I hope everyone had a wonderful 4th of July holiday weekend celebrating America 250 - many without fireworks this year. We spent quality time with friends, worked in the backyard a bit, I smoked a tri-tip and friends loaded up the side dish table, and we hit the fireworks at City Park.
The last few weeks, as this milestone holiday approached, I've been reflective about where we've been - and where we're headed from here as a nation. One of the things I've really been bothered by is the vandalism at the Lincoln Memorial Reflecting Pool. I guess they're mad because Trump patched it up and made it look nicer? Hate the man if you want to - but please - leave my monuments alone.
The reflecting pool was built with the notion of reflection, and it was even nicknamed a "water mirror" when it was being built in 1922. It was the pool where hundreds of thousands of people watched as Dr. Martin Luther King delivered his "I Have a Dream" speech.

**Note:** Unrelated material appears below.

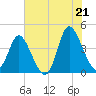 Sunset Beach tide chart for Saturday, June 21, 2025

And someone tried to break that mirror. How very sad.
When we think of things like Independence Day, and the Statue of Liberty - it always sounds good - but independence from what? - liberty for who? It's a long and complex journey, and for me - has some family points of pride, and so I'd like to take you for a bit of a tour - of liberty - and a part of my family tree.

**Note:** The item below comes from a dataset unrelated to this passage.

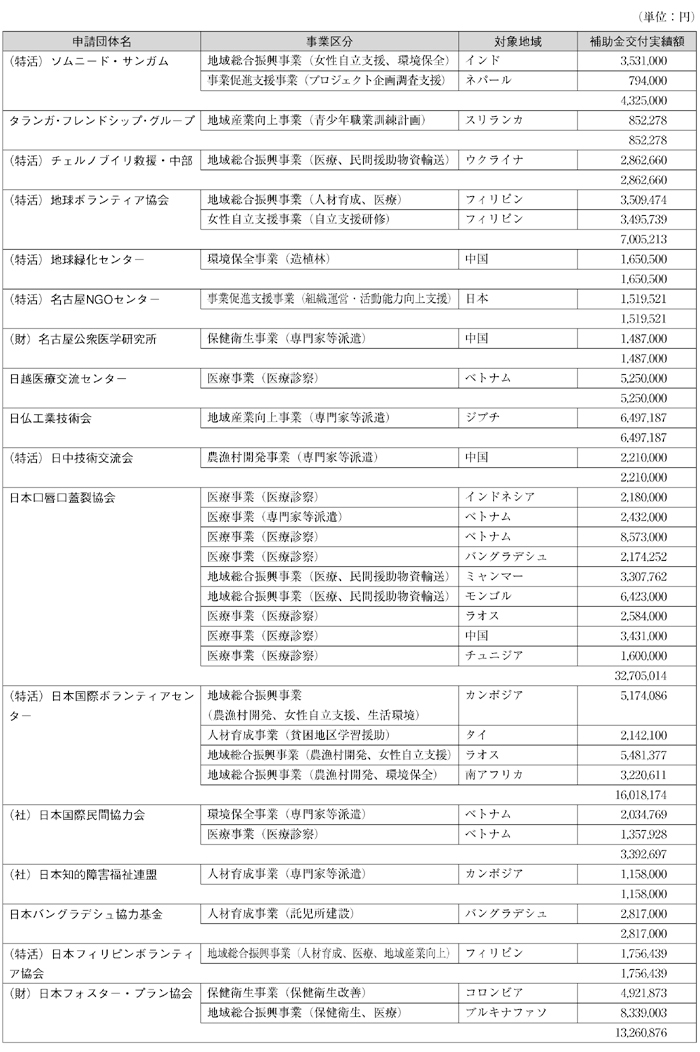 図表Ⅳ-53 NGO事業補助金事業実績（団体別）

Before we get to the family stuff - and trust me, we'll get there - let's go back. Way back.
The ancient Greeks were the first people to seriously wrestle with the idea that citizens might have a say in how they were governed. Athens, around 500 BC, experimented with a form of democracy that was genuinely radical for its time - and deeply imperfect. Women couldn't vote. Slaves had no voice. But the idea was planted: that a community of people could govern itself, rather than simply be ruled.
The Romans picked it up and built a Republic on it - with a Senate, separation of powers, and the concept of rule of law. For several centuries, it worked remarkably well. Then it didn't. Julius Caesar crossed the Rubicon, Augustus called himself Emperor, and Rome - the Republic, anyway - was over. The lesson the Romans left behind wasn't just their achievements. It was a warning: liberty is fragile, and it tends to erode from the inside.

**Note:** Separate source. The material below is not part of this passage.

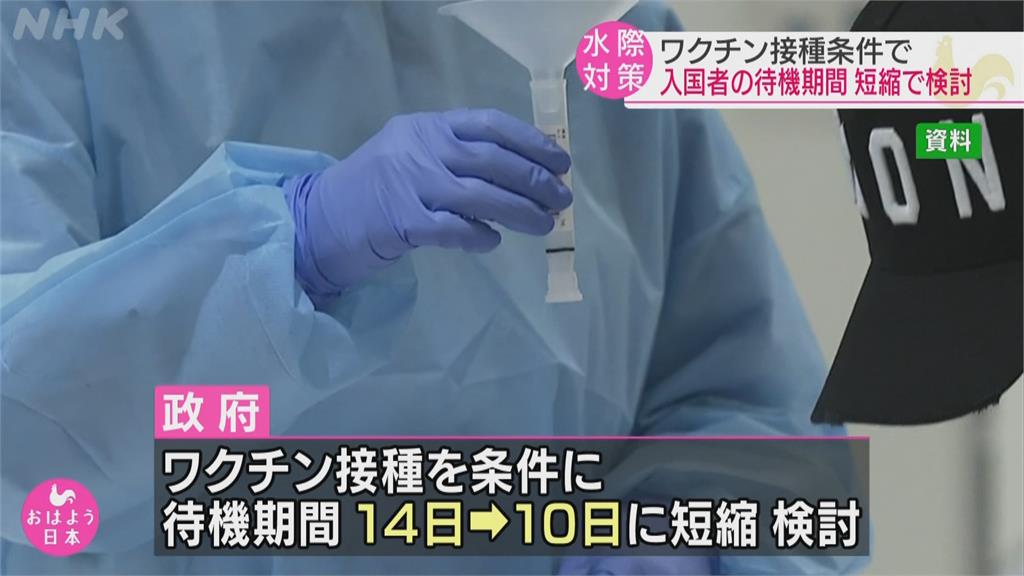 日本9月底將放寬邊境管制　這三種疫苗打兩劑...入境「少關4天」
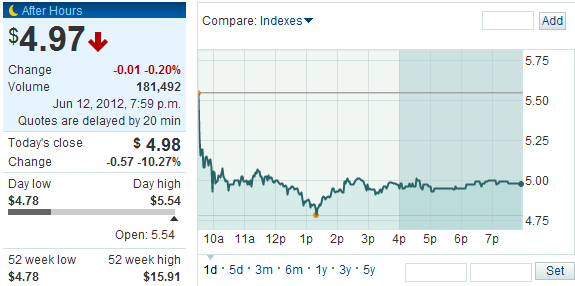 ,Facebook,极客,投资人,网络游戏,移动平台,并购重组,游戏玩家用户持续减少致Zynga股价周二大跌10%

Both of those lessons - the Greek spark and the Roman warning - would echo for the next two thousand years. The Founders knew them by heart.
Here's where it gets into my family tree.
My surname - Bear - is Old English. Anglo-Saxon, not German, though I spent years assuming it was a misspelled Bär before my father set me straight. Turns out, (according to my AI searcher-guy) the Bear name shows up in the Domesday Book of 1086 - William the Conqueror's great census of England - recorded as Bere. A century later, in 1168, the first known individual bearing the name appears in the Pipe Rolls of Devonshire: Ordric de Bera. The name likely came from places in southwest England - Devon and Dorset - where Old English words like bearu (a grove or wood) and baer (a swine pasture) gave farms and settlements their names, and families took their surnames from the land they worked.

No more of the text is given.